Restate each record exactly as it was written.

==== DATASET EXTRACT

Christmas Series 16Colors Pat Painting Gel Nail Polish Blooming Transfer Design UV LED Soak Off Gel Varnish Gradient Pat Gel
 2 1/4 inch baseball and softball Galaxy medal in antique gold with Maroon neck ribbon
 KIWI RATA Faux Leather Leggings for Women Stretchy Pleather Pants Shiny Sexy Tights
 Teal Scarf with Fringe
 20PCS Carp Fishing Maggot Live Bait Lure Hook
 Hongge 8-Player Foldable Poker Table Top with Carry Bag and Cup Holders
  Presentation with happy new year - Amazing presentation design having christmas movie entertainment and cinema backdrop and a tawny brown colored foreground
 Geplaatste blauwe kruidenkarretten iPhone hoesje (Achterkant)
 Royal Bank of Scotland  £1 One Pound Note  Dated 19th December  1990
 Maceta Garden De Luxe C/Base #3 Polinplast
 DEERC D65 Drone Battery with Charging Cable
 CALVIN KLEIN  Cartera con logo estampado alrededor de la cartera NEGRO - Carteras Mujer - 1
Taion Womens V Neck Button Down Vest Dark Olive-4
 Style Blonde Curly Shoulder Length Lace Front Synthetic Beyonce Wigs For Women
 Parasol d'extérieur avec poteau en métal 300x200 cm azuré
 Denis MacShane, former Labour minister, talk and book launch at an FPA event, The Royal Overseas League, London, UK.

========

> **SOLUTION TO THIS PROBLEM**:
Christmas Series 16Colors Pat Painting Gel Nail Polish Blooming Transfer Design UV LED Soak Off Gel Varnish Gradient Pat Gel
 2 1/4 inch baseball and softball Galaxy medal in antique gold with Maroon neck ribbon
 KIWI RATA Faux Leather Leggings for Women Stretchy Pleather Pants Shiny Sexy Tights
 Teal Scarf with Fringe
 20PCS Carp Fishing Maggot Live Bait Lure Hook
 Hongge 8-Player Foldable Poker Table Top with Carry Bag and Cup Holders
  Presentation with happy new year - Amazing presentation design having christmas movie entertainment and cinema backdrop and a tawny brown colored foreground
 Geplaatste blauwe kruidenkarretten iPhone hoesje (Achterkant)
 Royal Bank of Scotland  £1 One Pound Note  Dated 19th December  1990
 Maceta Garden De Luxe C/Base #3 Polinplast
 DEERC D65 Drone Battery with Charging Cable
 CALVIN KLEIN  Cartera con logo estampado alrededor de la cartera NEGRO - Carteras Mujer - 1
Taion Womens V Neck Button Down Vest Dark Olive-4
 Style Blonde Curly Shoulder Length Lace Front Synthetic Beyonce Wigs For Women
 Parasol d'extérieur avec poteau en métal 300x200 cm azuré
 Denis MacShane, former Labour minister, talk and book launch at an FPA event, The Royal Overseas League, London, UK.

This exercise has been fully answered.